Nicholas Hoult é o protagonista de "Jurado #2". ©Max/Divulgação

Jurado Nº 2, a Crítica | O thriller maquiavélico de Clint Eastwood

O cinema norte-americano deve boa parte de sua história e evolução a figuras icónicas como o veterano Clint Eastwood. “Jurado Nº 2”, o seu último filme como realizador aos 94 anos, não é apenas mais um na sua vasta filmografia, mas antes uma profunda reflexão sobre seu próprio legado no cinema. Estreia no streaming da Max, a 20 de dezembro, mas devia estrear nas salas de cinema.

Ninguém parece ter dúvidas que o novo filme de Clint Eastwood, intitulado “Jurado Nº 2” promete ser um marco na longuíssima carreira do cineasta e ator, nascido em 1930. É um escândalo que não chegue às salas de cinema, até porque dada a sua idade deverá ser o seu último filme. Veremos?

Conhecido pelas suas lendárias interpretações em filmes de cowboys (“O Bom, o Mau e o Vilão”) e policiais (os da saga da sua personagem do investigador Dirty Harry), Eastwood construiu uma carreira de actor que se estendeu ao longo de cinco décadas, ao mesmo tempo que se afirmou como um dos realizadores mais respeitados da indústria cinematográfica norte-americana e do mainstream qualificado, criando obras de autor que marcaram várias épocas e ganharam prémios nos mais conceituados festivais internacionais.

Nos últimos anos, Clint Eastwood tem-se praticamente dedicado à realização e produção de filmes (através da sua Malpaso Productions) que vão muito para além do mero entretenimento, proporcionando-nos profundas reflexões sobre a moralidade — um pouco à sua maneira de um americano, com certos toques de conservadorismo — e a natureza humana.
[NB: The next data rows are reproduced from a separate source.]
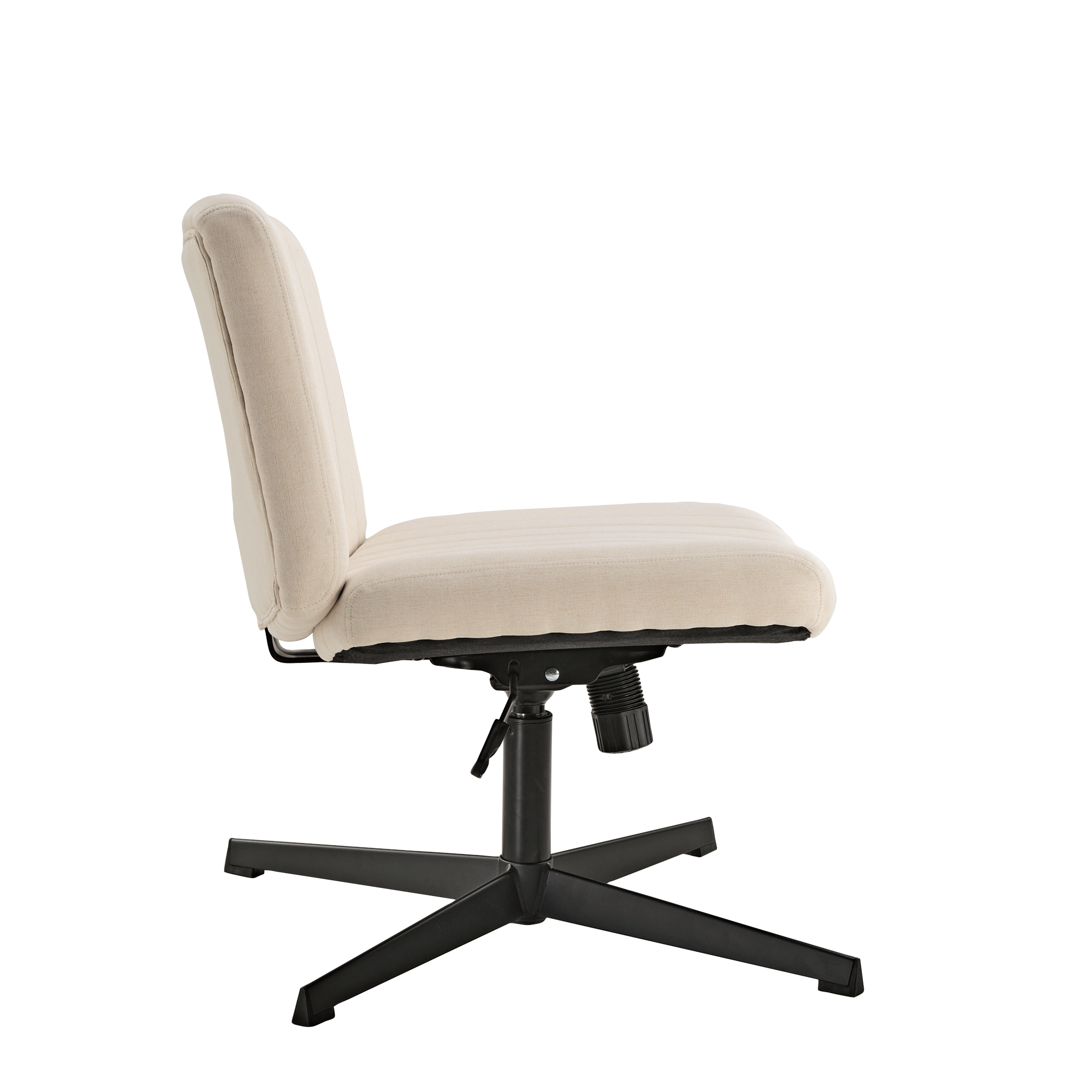 Adena Ergonomic Height Adjustable Swivel Lounge & Office Chair with Lumbar Support - Perfect for Home Office, Gaming, and Workspace Comfort
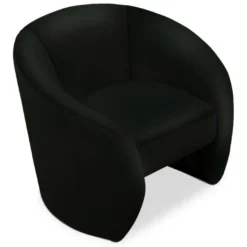 Fauteuil Arrondi Adamante Simili Noir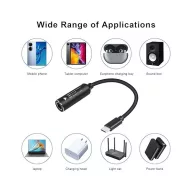   BLACKBIRD Töltőkábel PD65W USB-C male to DC7.9mmx09mm female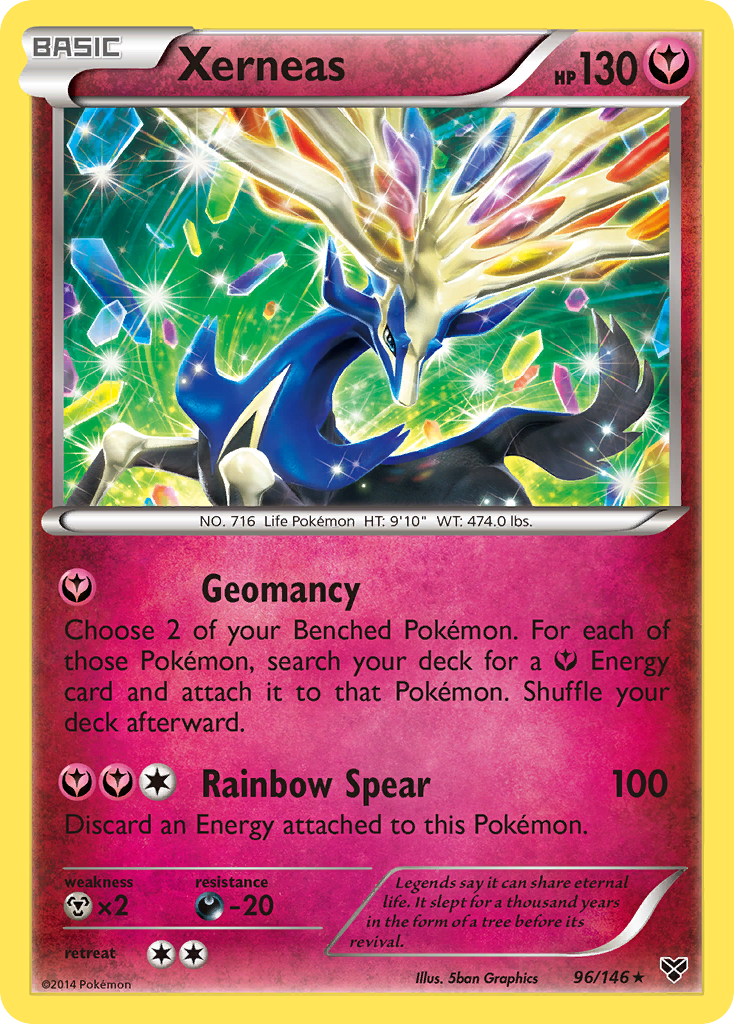 Xerneas (96/146) [XY: Base Set] Reverse Holofoil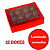 CAIXA LAMINADA C/ VISOR (12 DOCES) VERMELHO C4683- PCT C/ 10 UNIDADES - Imagem 4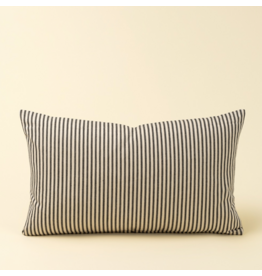 21x12 Black Ticking Pillow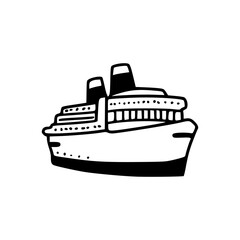 Obraz premium cruise ship vector illustration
Destaque para filmes como “Sniper Americano” (2014) ou “Milagre no Rio Hudson” (2016), inseridos numa lista imensa de obras que arrecadaram a aclamação crítica mundial e os favores do público; ou filmes como “Imperdoável”, vencedor do Oscar em 1993, uma obra que revelou a sua enorme habilidade para contar histórias com forte impacto.
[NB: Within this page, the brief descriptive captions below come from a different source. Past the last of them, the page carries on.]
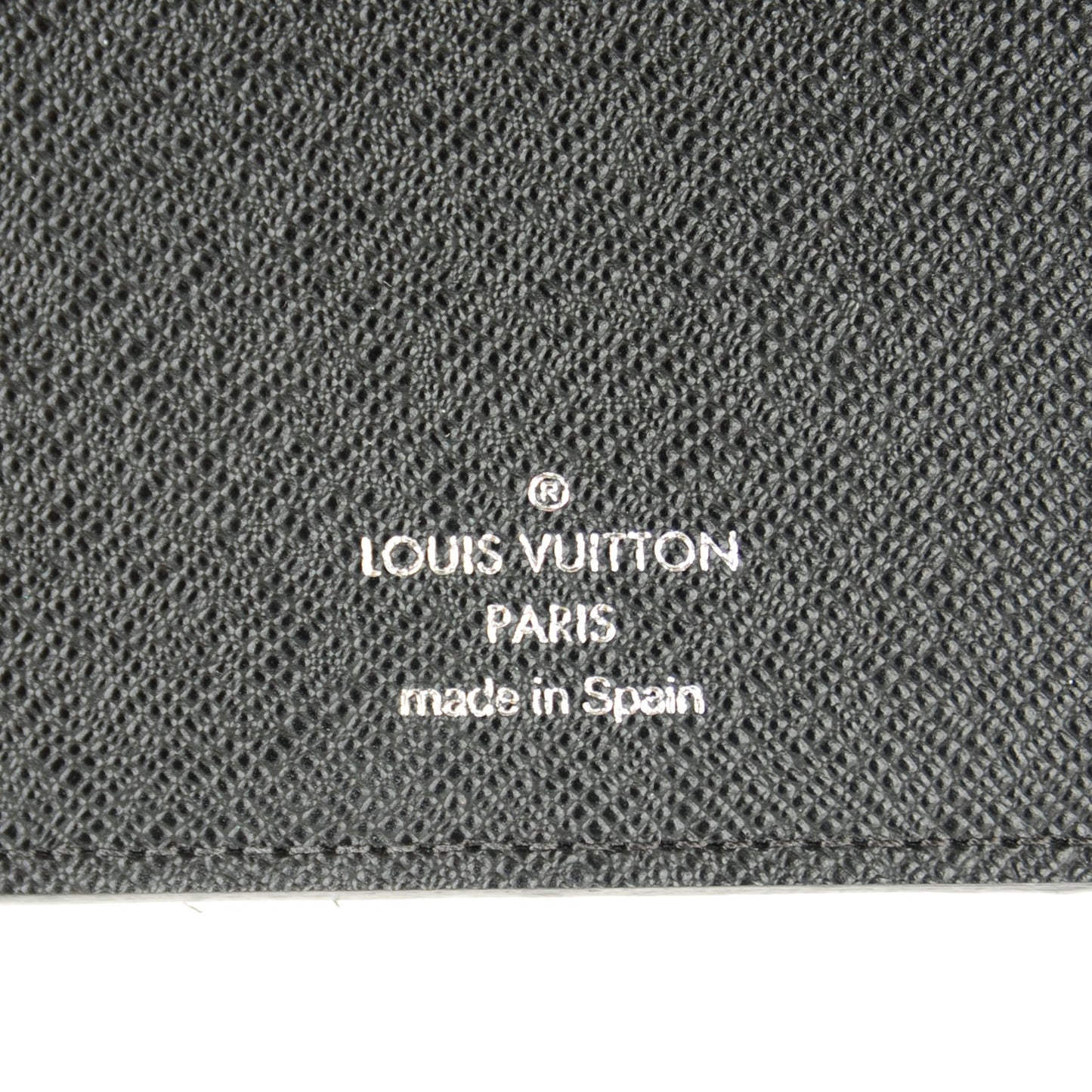 Damier Graphite Desk Agenda Cover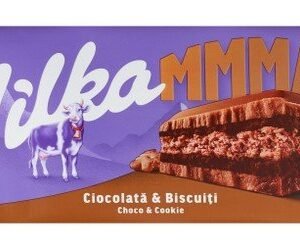 Milka Max Chocolate Slab Filled with Cookies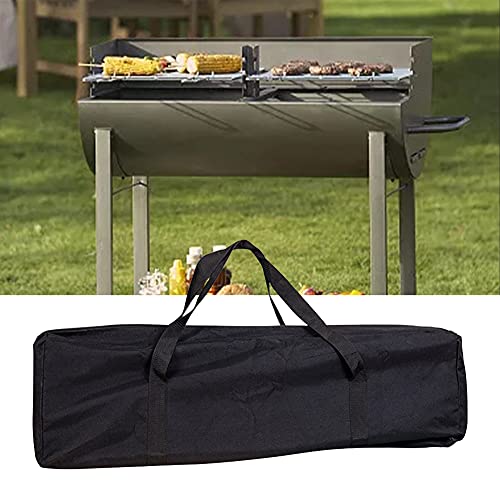 EKDJKK Waterproof BBQ Tools Carry Bag, Portable BBQ Tool Storage Bag, Thick Oxford Cloth, Outdoor BBQ Grill Accessories Bag for Camping Picnic Trip (L 62x13x24cm)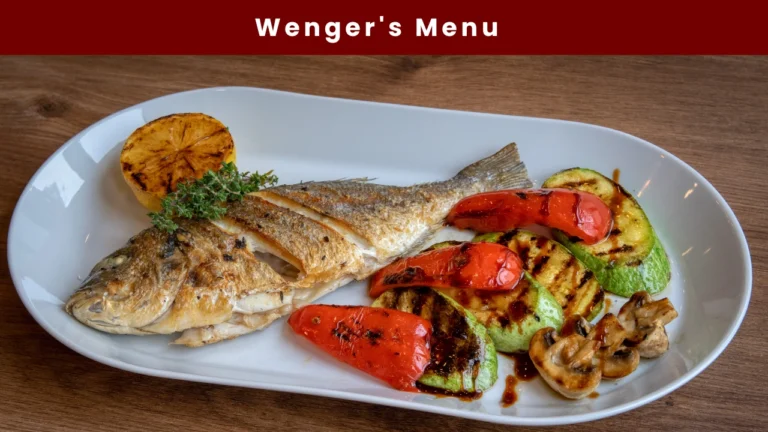 wenger's menu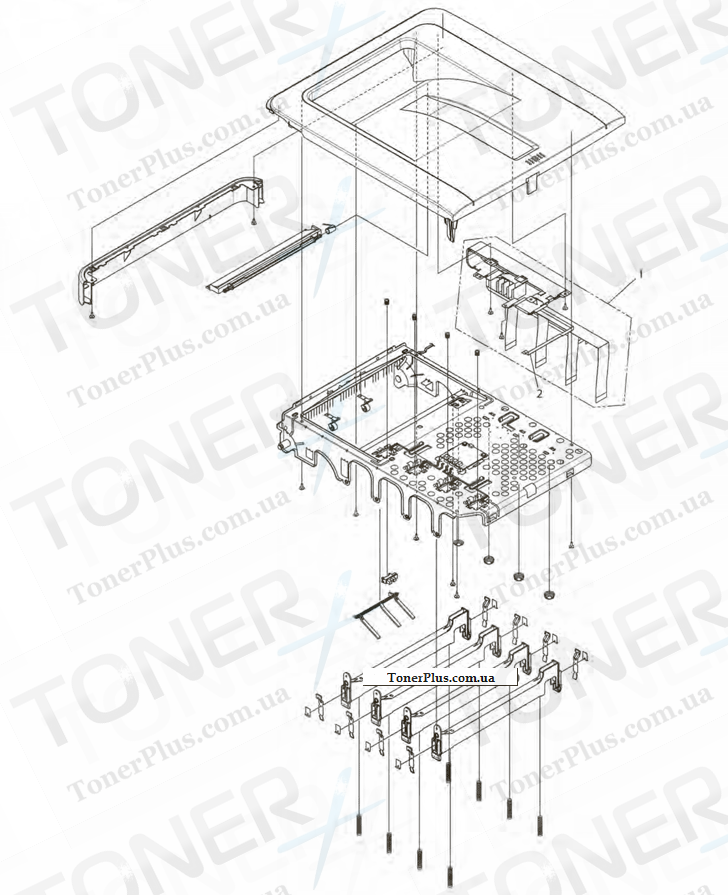 Каталог запчастей для OKI C610 - Cover-Assy-Top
“Jurado Nº2” vai diretamente para o Streaming

Inteiramente produzido para a plataforma de streaming Max e com uma estreia muito limitada em sala (apenas para lhe abrir a possibilidade de uma candidatura aos Óscares 2025) “Jurado Nº2”, regressa aos dilemas morais de Eastwood ou seja mais uma velha história, mas contada de outra maneira, desta vez com em torno de um julgamento em tribunal com jurados em acção — numa piscadela de olhos a “Doze Homens em Fúria” (1957), de Sidney Lumet —, por causa de um assassinato e que no seu decorrer se revelam segredos sombrios e questões de consciência bastante complexas.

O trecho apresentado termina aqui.